Making A Case For Tourism Investment In Nigeria.
The fall in crude oil prices in the global market as a result of supply glut further aggravated by shale oil production in the US and lifting of economic sanctions imposed on Iran has had a negative effect on the Nigerian economy over the past two years.
Crude oil exports is major source of foreign exchange earnings and revenue for the Nigerian economy, thus a slump in global market prices has depleted the revenue of the government and Nigeria being a highly import dependent country has seen high pressure imposed on the Naira. The CBN has moved to strengthen the Naira by restricting access to forex for the importation of certain goods and pegging the Naira at N197 to a Dollar. This situation has led to calls for the government to look inward for solutions. Recently some senators and other individuals have also called on Nigerians to patronise made in Nigeria products to reduce our dependence on importation, hence reducing the pressure on the Naira and the foreign reserves.
However, what most people have failed to talk about is how investment in tourism can actually be a potential foreign exchange earner for the Nigerian economy alongside the multiplier effects of employment creation both directly and indirectly. The Nigerian tourism sector is a sector with highly untapped economic potential.
In 2013 according to World Bank data, India earned an estimated US$19 billion in international tourism receipts, while Mexico earned an estimated US$14 billion, South Africa US$10 billion and Morocco earned US$8 billion in international receipts compared to Nigeria’s meagre US$641 million.

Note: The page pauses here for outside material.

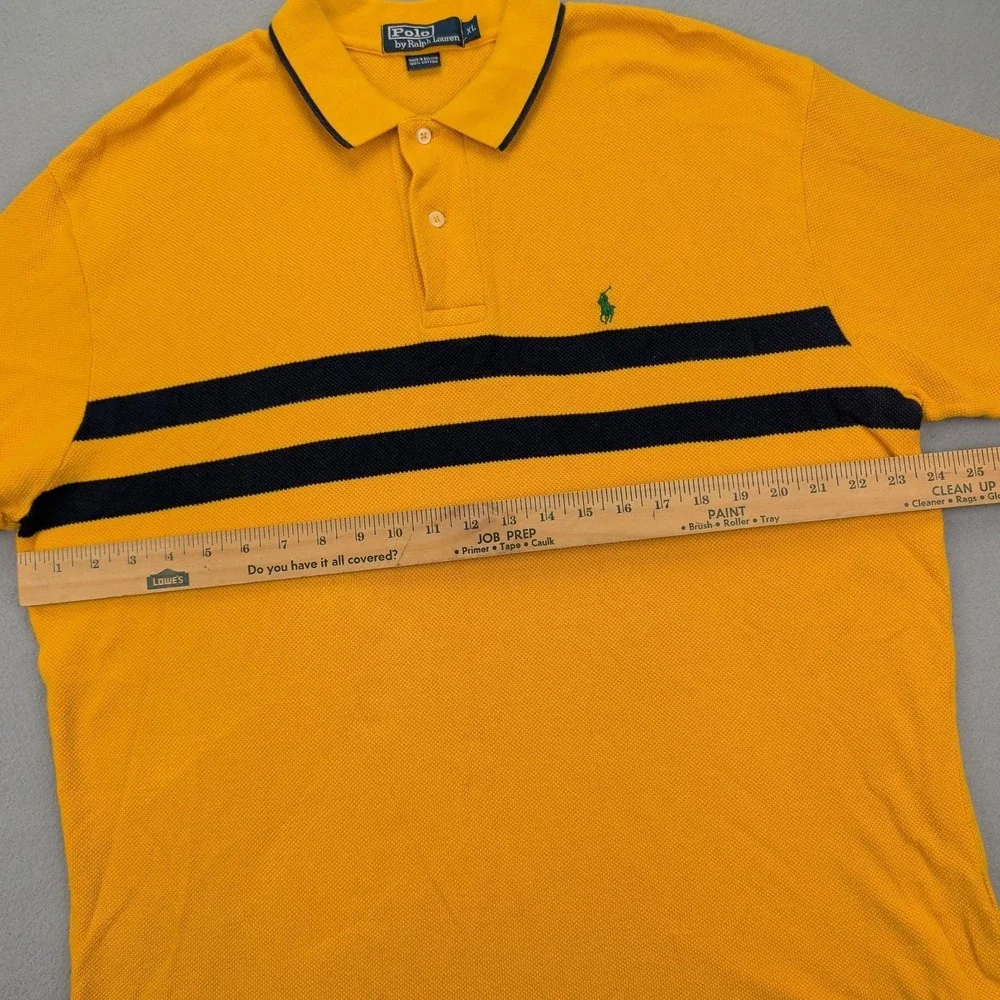 Polo Ralph Lauren Polo Shirt Mens XL Yellow Navy‎ Stripe Green Pony Pique Knit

Nigeria can tap into this potential goldmine by developing our tourist attraction sites like Osun Osogbo groove, Obudu mountain resort in Cross River state, Ibeno Beach in Akwa Ibom, Alok Ikom Monoliths et al into excellent sites as well as developing the requisite infrastructures like roads, electricity, transportation and most importantly security.
The sector would not only increase the much needed foreign exchange earnings, it would also have a multiplier effect of job creation (both direct and indirect) and boosting economic activities especially the activities of hotel owners and the consumer sector.